1. A Quick Review of GANs

  • A quick refresh of: z (latent vectors), Generators, and Discriminators.
  • GANs vs VAEs

2. Generate Images of People who don't Exist

  • Use the official StyleGAN2 repo to create Generator outputs.
  • View the latent codes of these generated outputs.

3. Interpolation of Latent Codes

  • Use the previous Generator outputs' latent codes to morph images of people together.

4. Facial Image Alignment using Landmark Detection

  • Aligning (normalizing) our own input images for latent space projection.

5. Projecting our own Input Images into the Latent Space

  • Learning the latent codes of our new aligned input images.
  • Interpolation of projected latent codes. (Similar to Section 3, but with our images!)

6. Latent Directions/Controls to modify our projected images

  • Using pre-computed latent directions to alter facial features of our own images.

7. Bonus: Interactive Widget-App!

  • Play with latent controls yourself using this little jupyter app I built using ipywidgets.

0. Set-Up (Run only once!)

Clone Repo and extract contents

!git clone https://github.com/AmarSaini/Epoching_StyleGan2_Setup.git
import shutil
from pathlib import Path

repo_root = Path('Epoching_StyleGan2_Setup/')

# Pull contents out of the repo, into our current directory.
for content in repo_root.iterdir():
    shutil.move(str(content), '.')

shutil.rmtree(repo_root)

Pip install needed packages

!pip install requests
!pip install Pillow
!pip install tqdm
!pip install dlib

If you're running this on Google Colab, uncomment and run the following cell:

#!pip install tensorflow-gpu==1.14

1. A Quick Review of GANs

I'm going to try to keep this section short, and just go over the needed information to understand the rest of this post:

GANs (Generative Adversarial Networks) consist of two models:

  • The Generator: A model that converts a latent code into some kind of output (an image of a person, in our case).
  • The Discriminator: A model that determines whether some input (an image of a person), is real or fake.
    • Real: An image from the original dataset.
    • Fake: An image from the Generator.

The input to a Generator is a latent code z, a vector of numbers if you will. (Such as: a vector of 512 numbers).

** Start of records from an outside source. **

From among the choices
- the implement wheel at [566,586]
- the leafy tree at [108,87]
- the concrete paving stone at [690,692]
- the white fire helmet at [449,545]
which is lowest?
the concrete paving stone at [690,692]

  • During training, the latent code is randomly sampled (i.e. a random vector of 512 numbers).
  • When this latent code is randomly sampled, we can call it a latent random variable, as shown in the figure below.
  • This magical latent code holds information that will allow the Generator to create a specific output.
  • If you can find a latent code for a particular input, you can represent it with smaller amounts of data! (Such as representing a picture of someone with only a latent vector of 512 numbers, as opposed to the original image size)

Important: Don’t confuse GANs with VAEs (Variational Auto-Encoders)!

Note: GANs learn to generate outputs from random latent vectors that mimic the appearance of your input data, but not necessarily the exact samples of your input data. VAEs learn to encode your input samples into latent vectors, and then also learn to decode latent vectors back to it’s (mostly) original form.

Tip: The main difference to takeaway from GANs vs VAEs, is that our Generator actually never sees the input images, hence we don’t have a way to automatically convert images into it’s corresponding latent code! Teaser: That’s what projection is for, Section 6 :)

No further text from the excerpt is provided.